When they bought the business, their goal was to make it a real old-fashioned general store, the couple said.
"We've listened to what people said they wanted and tried to carry it," Donna Foster said.
If they couldn't carry it, they'd try to special order it, the couple said.
While serving the needs of residents, who over the years became more like friends and neighbors, they've also saved a building that speaks to the bygone history of the area.
The structure the store is in was once the Rosebrook Inn, one of many inns that dotted the White Mountains during the days when the railroad brought people to the mountains. There aren't many left. Wooden structures, most succumbed to fire or neglect years ago.
The first structure on the property was a boarding house, built in 1820 to serve railroad workers. It burned, and the Rosebrook Inn was built in its place.
It survived as an inn longer than most, closing in the 1940s, John Foster said. By that time, cars were replacing passenger trains, and it was becoming unacceptable to dump sewage right into the river, which runs behind the building, he said.
For a while it was a restaurant, but in the years before the Fosters bought the building, it was a Polaris dealership and a hardware store that sold lumber, both which the Fosters retained when they first bought the business on Feb. 15, 1979.
John Foster had a degree in hotel management. He was working for a company that provided food for several of the ski areas. Donna was from Boston and came up to ski weekends. They met at Cannon Mountain. They will celebrate their 40th wedding anniversary in June.
"We wanted our own business and had been looking for a restaurant, but couldn't find any at a price we could afford," Donna Foster said. "Then we found this, and it was in our price range."
For a couple of years, they operated the hardware and Polaris businesses. Then in 1981 they put in their first cooler and it became a store. They named it "Foster's Crossing," keeping some of the hardware lines and adding more food and gifts.
Today, they offer groceries, sporting goods, some hardware, lawn and garden, gifts, seasonal clothing and sporting gear, gasoline, liquid propane gas refills for camper, and "old things."
Up until 2000, their business was also their home. They lived in a first floor wing off the store.
"When I was asked about my commuting distance to work, I said one inch," Donna said.
One of the rooms upstairs has been converted to offer seasonal clothing, but the rest is just storage. The inn was open only in the summer and is not insulated. There is no heat and no electricity, except that added by John for lights.
After 35 years, the Fosters have decided to retire and the store is for sale.
"We've had fun," Donna said. "We've survived gasless summers and snowless winters."
They hope someone will buy it and keep it open, but said some who've looked at it have said they'd tear it down.
"This place is a landmark.

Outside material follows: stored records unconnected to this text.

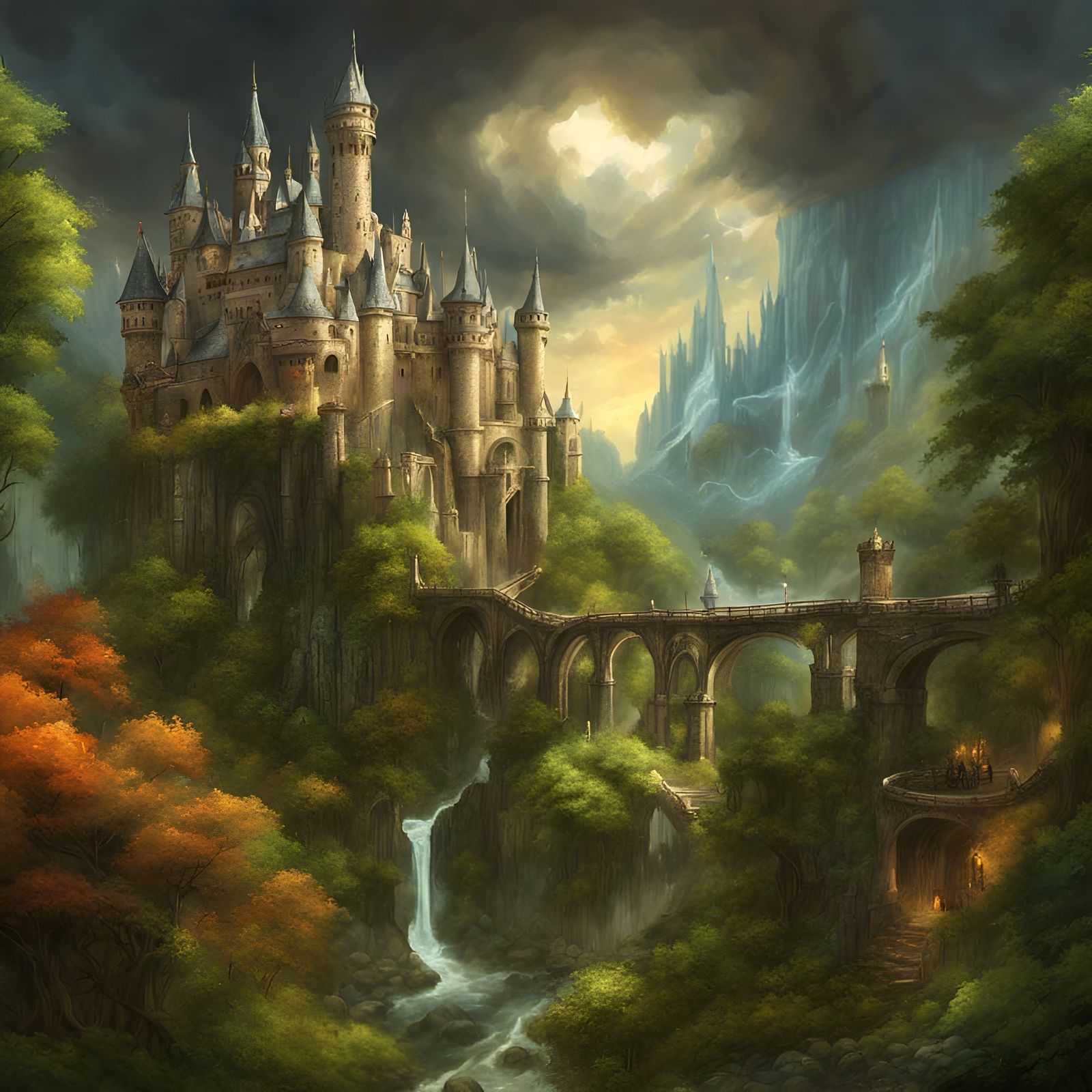 Magical castle kingdom empire with stunning forest and waterfall ...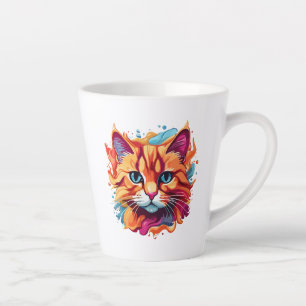 Schattigee kleurrijke Cat Face-87002 Latte Mok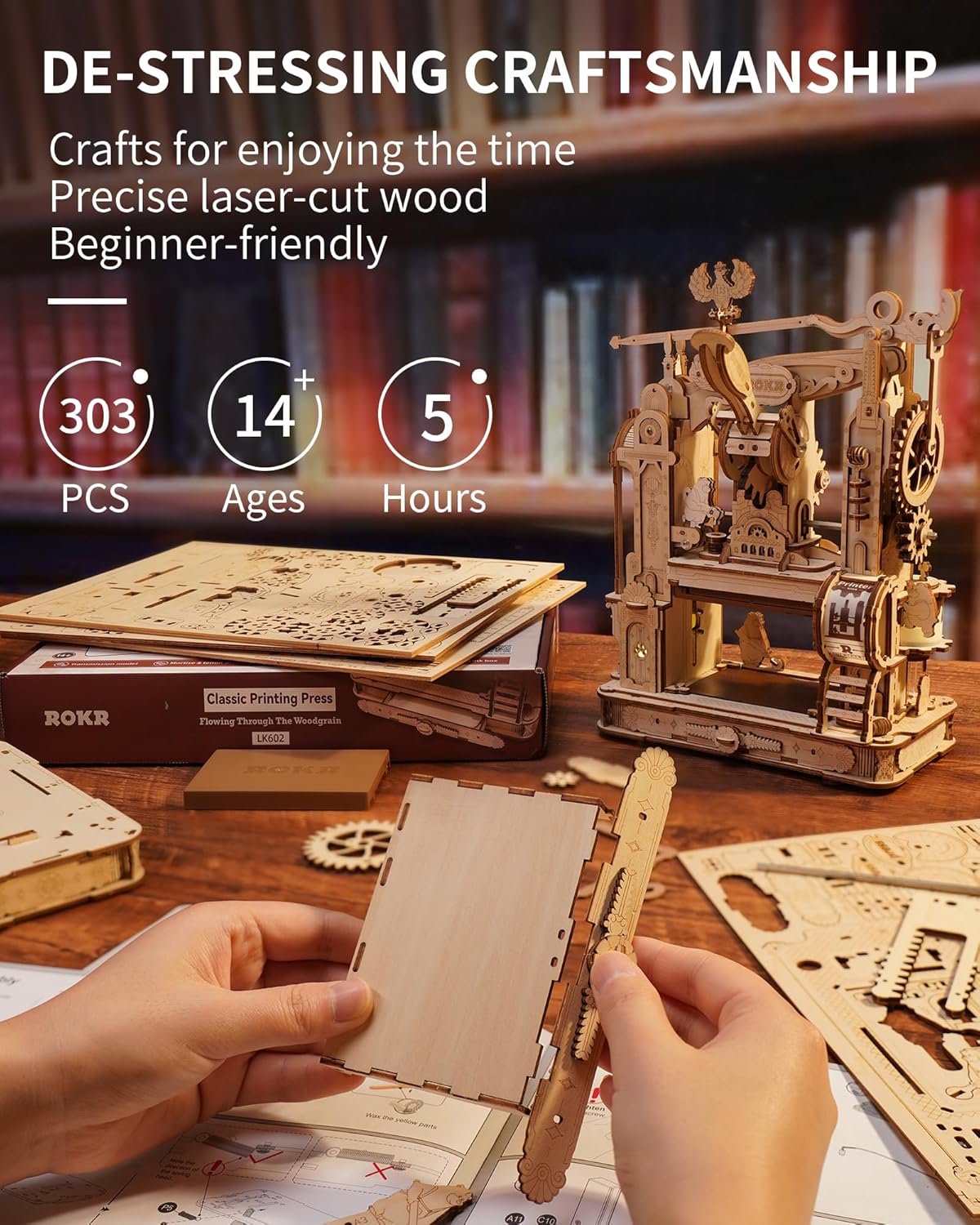 3D Puzzle for Adults, Classic Printing Press Wooden Puzzles Model Building Kits, DIY Wood Crafts Cool Toys Birthday, Collage Aesthetic, STEM Art Hobbies for Men Women (LK602)-uFunSpace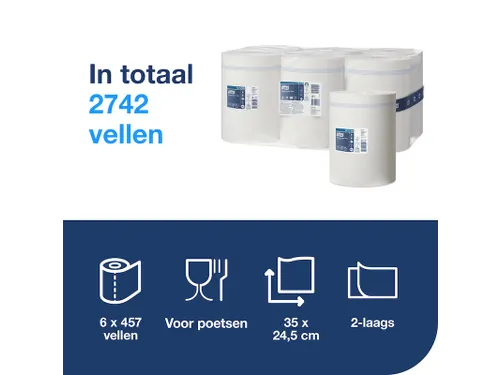 Poetsrol Tork 2-laags Wit 101250 M2 160 Meter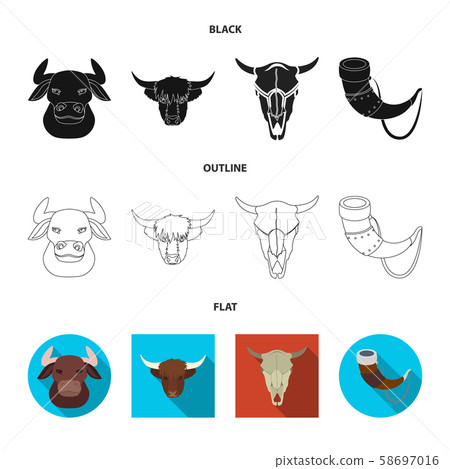 Vector design of antler and animal icon. Set of antler and death stock vector illustration. 58697016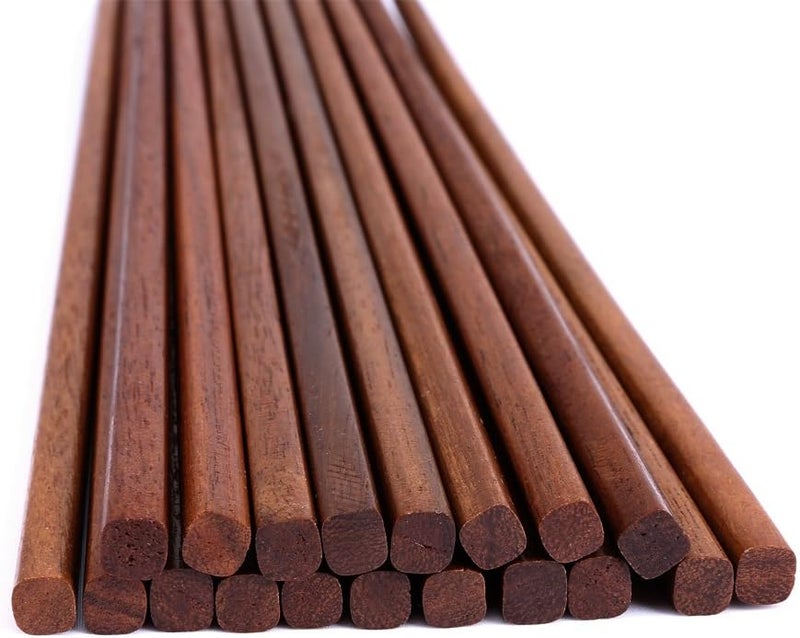 Mannice 10 Pairs Wooden Chopsticks Reusable Chop Sticks Dishwasher Safe Chinese Wooden Chopsticks Handmade Chopstick Natural Health for Cooking Eating Restaurants ,Korean & Japaness Style,Portable Long Brown - Image 1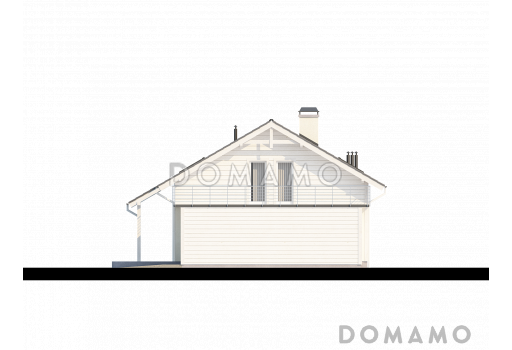 Проект одноэтажного мансардного дома из кирпича с террасой над гаражом / Фасад 3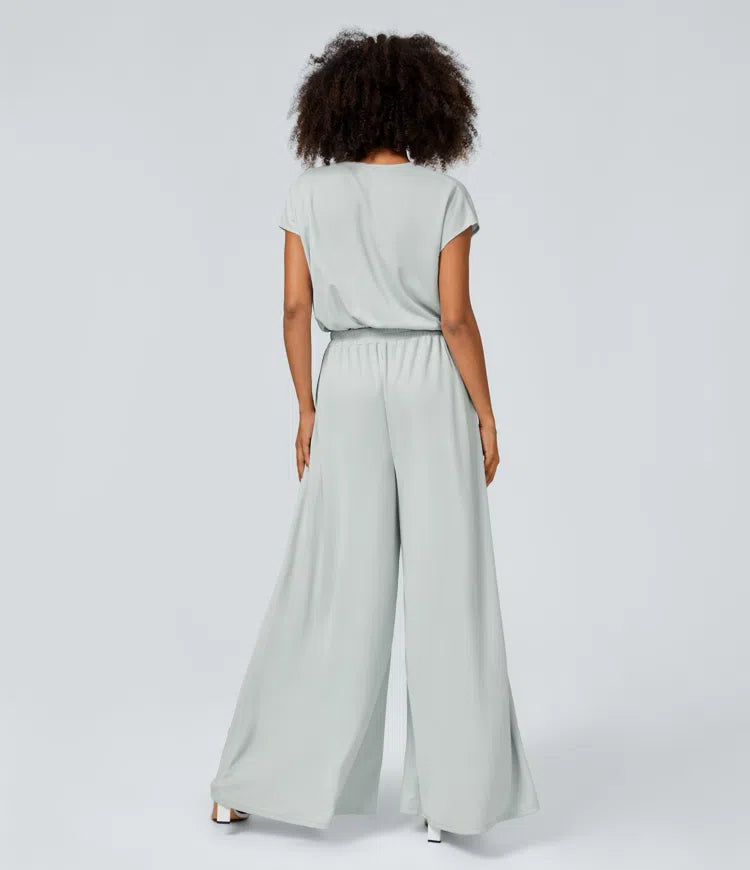 V Neck Short Sleeve Side Pocket Wide Leg Flowy Waffle Casual Jumpsuit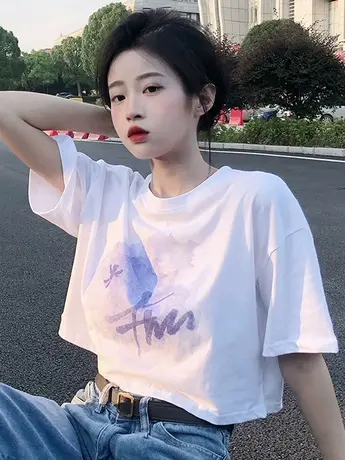 小个子短袖t恤女夏宽松显瘦上衣纯棉女款夏季2023年新款女装半袖商品大图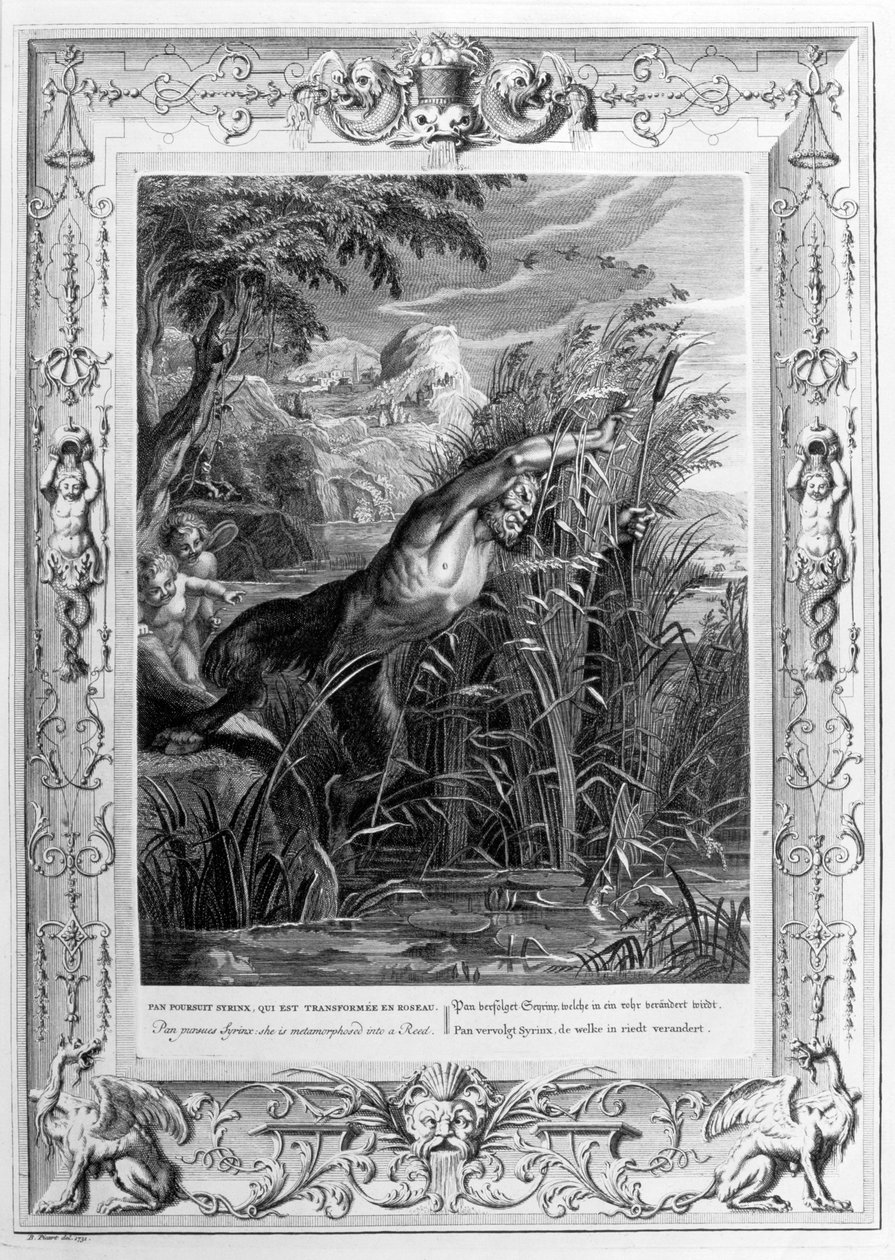 Pan förföljer Syrinx som förvandlas till en vass, 1733 av Bernard Picart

It's been a place to meet for a long time," Donna said.
Bonnie Moroney, a selectman in Twin Mountain, serves on the planning board with Donna Foster and said she has known the couple since the mid 1970s.
"They're good people, very hard working, always very active with the town," she said.
She recalled the Fosters helping establish the local snowmobile club and that they were members of the Chamber of Commerce.
A variety show called Twin Mountain Follies was held for about a half dozen years, with the money raised going to varies needs in the town. The Fosters were always singers in the show.
"They were always doing things to build the town up," Moroney said.
The Fosters have a house right up the road, and Twin Mountain will remain their base. Over the years, they have become deeply ingrained in the town. John was on the ambulance squad for 27 years and is now a trustee of the Trust Funds, and Donna is chairman of the planning board.
But they've bought a camper and plan to do some traveling. Donna said she is looking forward to taking more walks, attending more family and friends' events (which they couldn't do on weekends with the store), and spending more time on crafts.
"The whole thing has been interesting," John said, when asked about favorite memories. "It's been a life, a life revolved around the store."